Luis Pestarino
- Full name: Luis Pestarino
- Born: May 28, 1928 (age 97) Buenos Aires, Argentina

International
- Years: League / Role
- 1970s: FIFA-listed / Referee

= Luis Pestarino =

Luis Pestarino (born 28 May 1928) is a former Argentine football referee who officiated at major international and club competitions during the 1960s and 1970s. He is best known for his work in continental competitions, World Cup qualifiers, and the Olympic Games football tournament.

== Refereeing Career ==
Luis Pestarino was born on 28 May 1928 in Buenos Aires, Argentina. Pestarino became one of Argentina’s notable referees during the 1960s and 1970s.

=== Olympic Games ===
He was appointed as an official at the 1972 Summer Olympics football tournament in Munich. During the competition, Pestarino served in multiple roles, including referee and linesman, officiating matches such as East Germany vs. Soviet Union and Hungary vs. West Germany.

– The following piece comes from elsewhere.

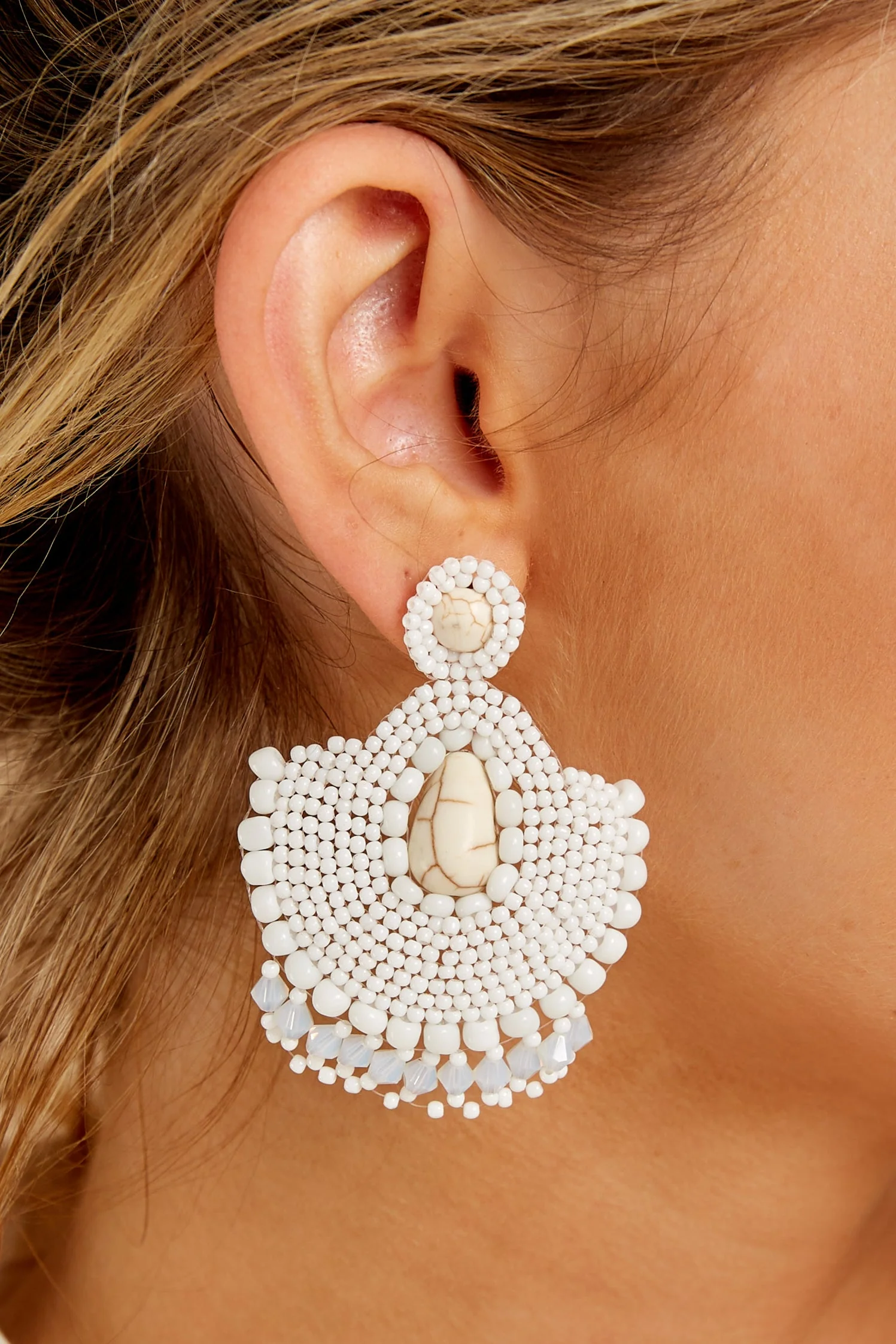 Thinking It Through White Earrings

=== International Matches and Competitions ===
Pestarino officiated in a number of World Cup qualifying matches and international fixtures for national teams throughout his career. Statistics compiled by European football databases list various international appointments and match records under his name.

=== Club Competitions ===
At club level, Pestarino took charge of matches in South American continental competitions, including Copa Libertadores fixtures and the Intercontinental Cup.